- **Exercise**
Find the line containing "Vợt Lọc Trà Cán Inox" in the entries below. Restate it and each line after it, word for word, up to and including the line containing "JA839M Magnetic Hoop".

- **Dataset records**

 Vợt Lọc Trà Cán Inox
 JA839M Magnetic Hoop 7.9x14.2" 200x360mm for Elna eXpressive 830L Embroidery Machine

---

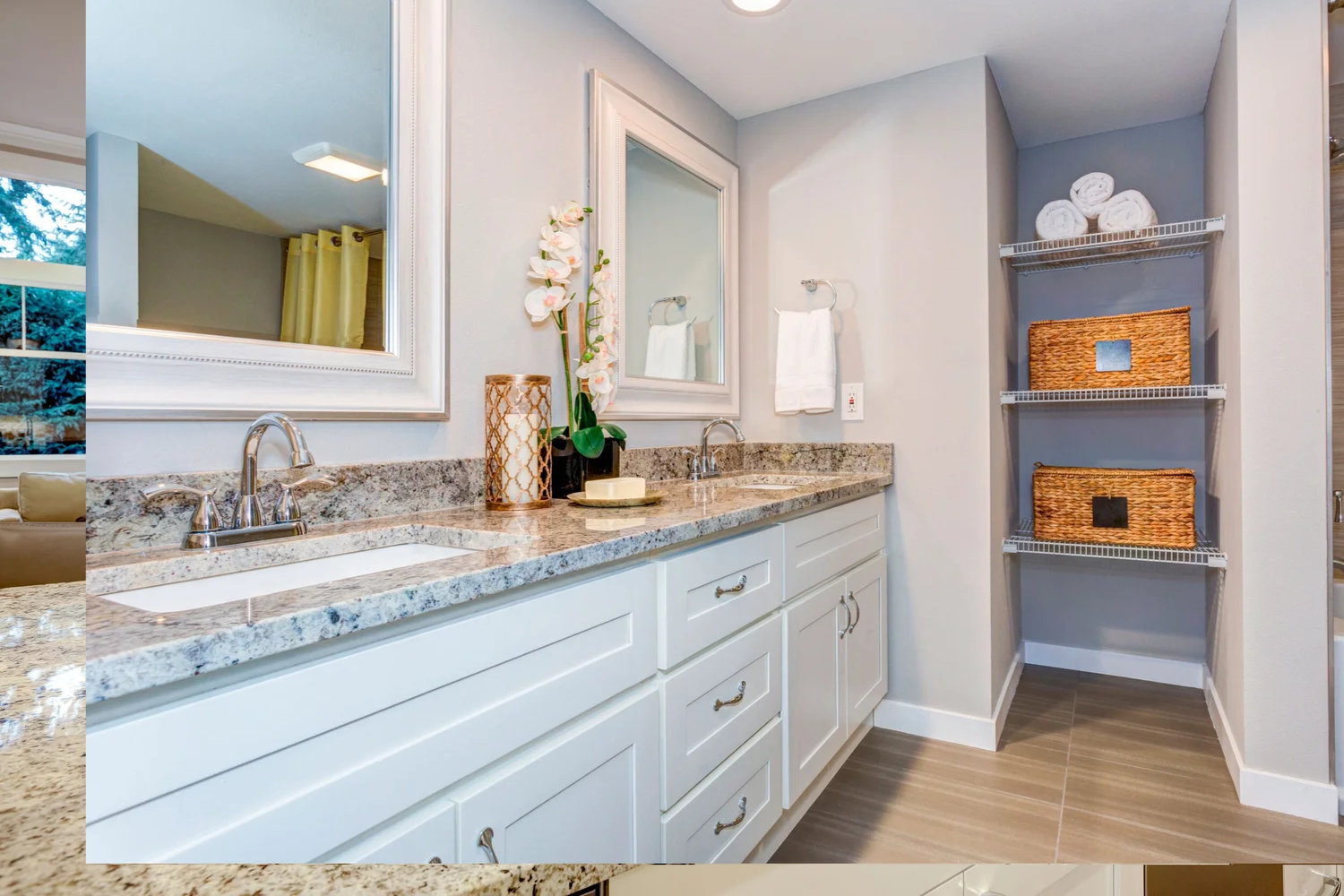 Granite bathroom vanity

...

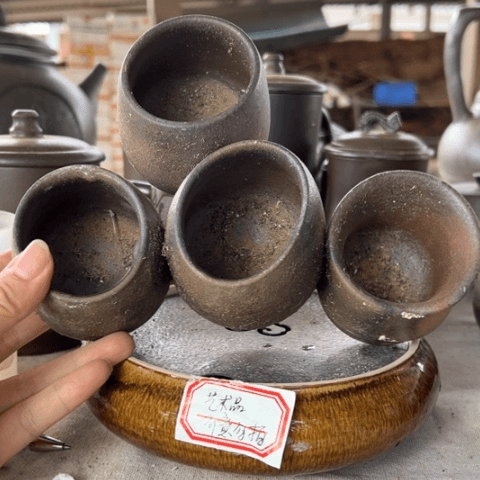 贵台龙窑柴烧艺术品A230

- **Solution to this task**
 Vợt Lọc Trà Cán Inox
 JA839M Magnetic Hoop 7.9x14.2" 200x360mm for Elna eXpressive 830L Embroidery Machine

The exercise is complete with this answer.